[Task to complete] Write out each line below precisely, passing over the pictures.

[Dataset section]

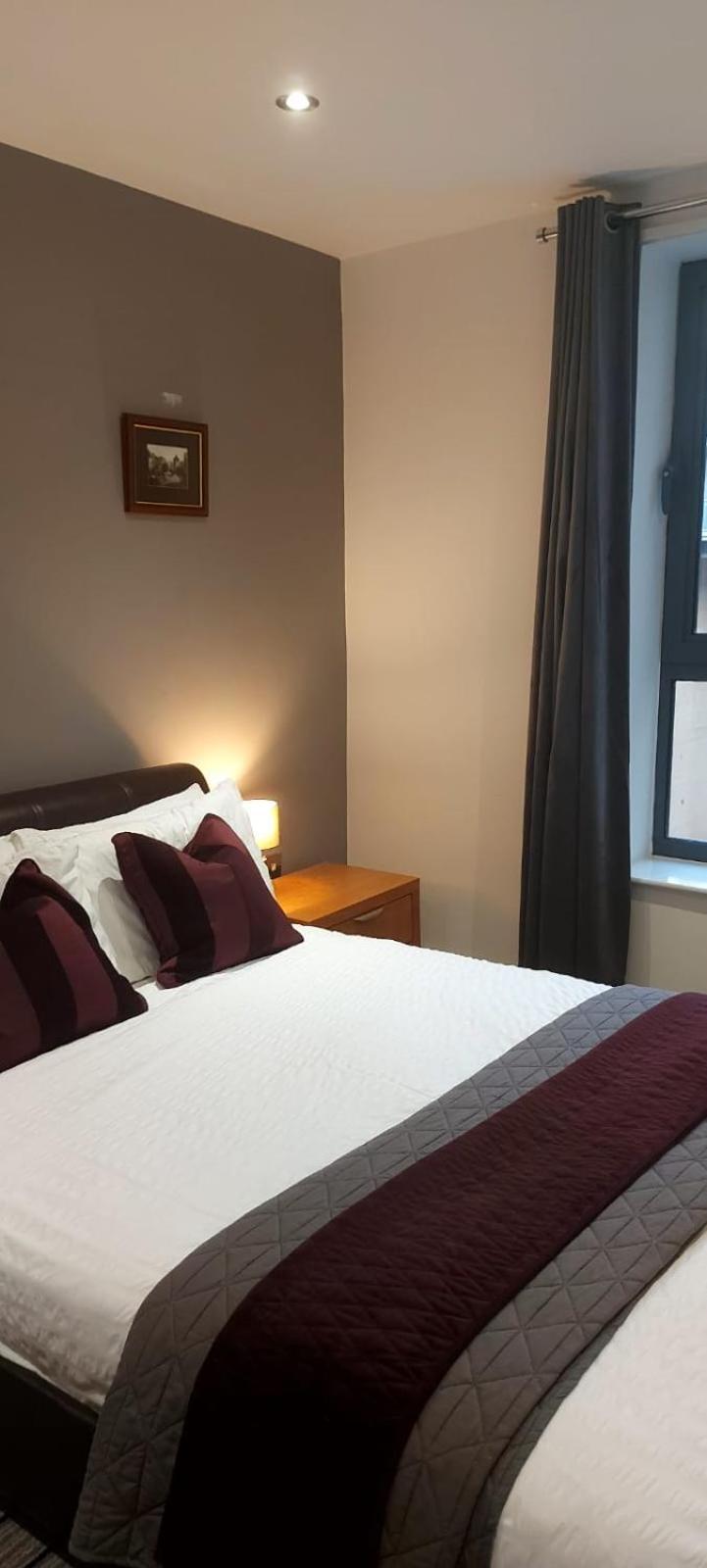 In Great Location With A Balcony & Parking Possible - West One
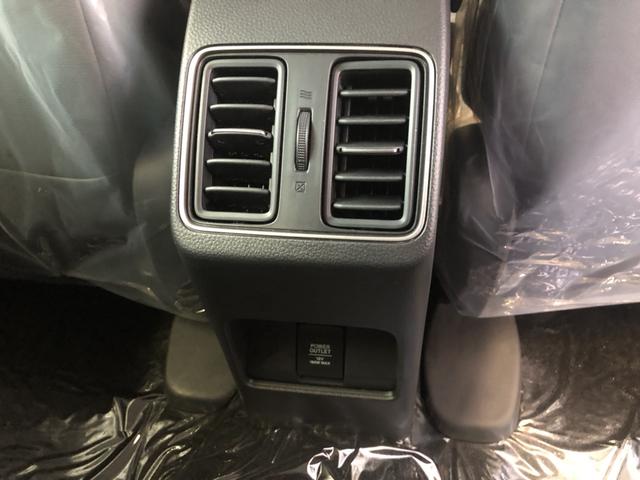 �y��ȃG�A�R���z�㕔���Ȃɂ��G�A�R���̐����o����������̂ŉ��K�ȃh���C�u���y����ł��������܂��B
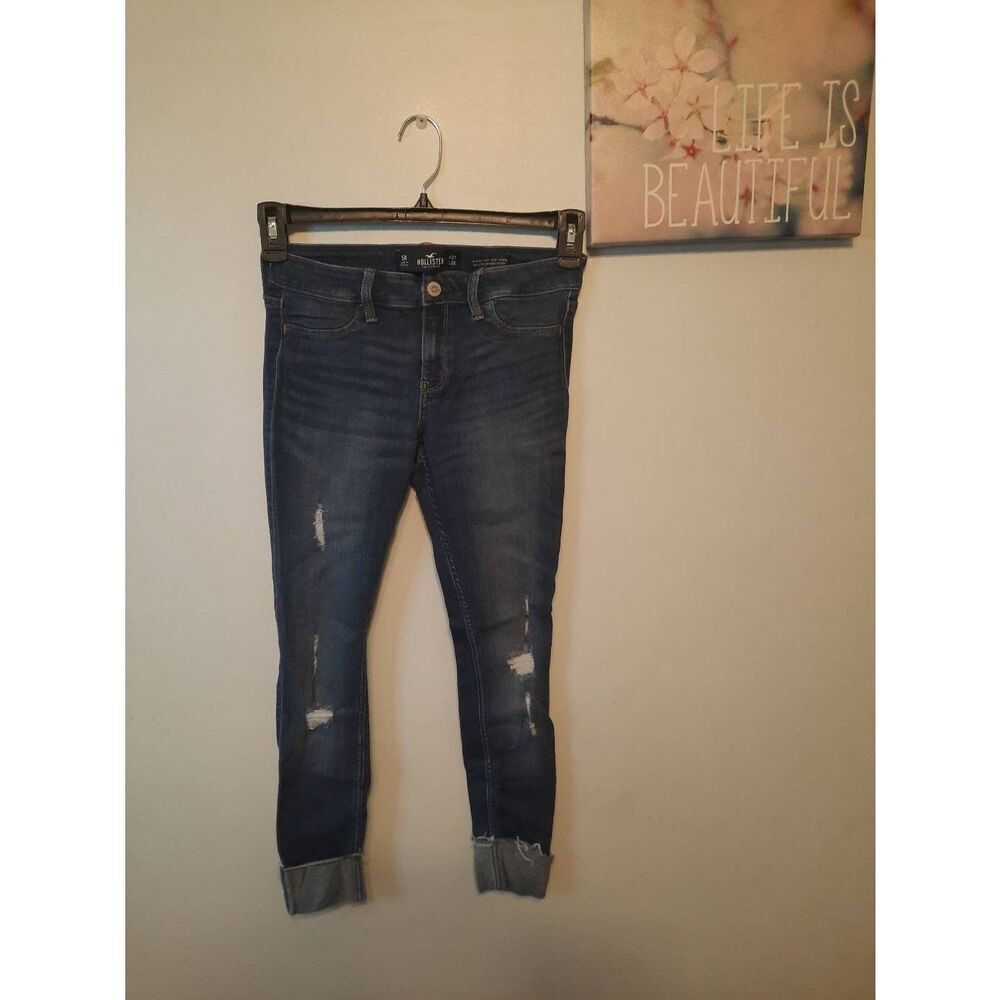 Hollister Size 5 R 27x26 Low Rise Crop Legging Jeans Cuffed Destroyed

[Output below]
 In Great Location With A Balcony & Parking Possible - West One
 �y��ȃG�A�R���z�㕔���Ȃɂ��G�A�R���̐����o����������̂ŉ��K�ȃh���C�u���y����ł��������܂��B
 Hollister Size 5 R 27x26 Low Rise Crop Legging Jeans Cuffed Destroyed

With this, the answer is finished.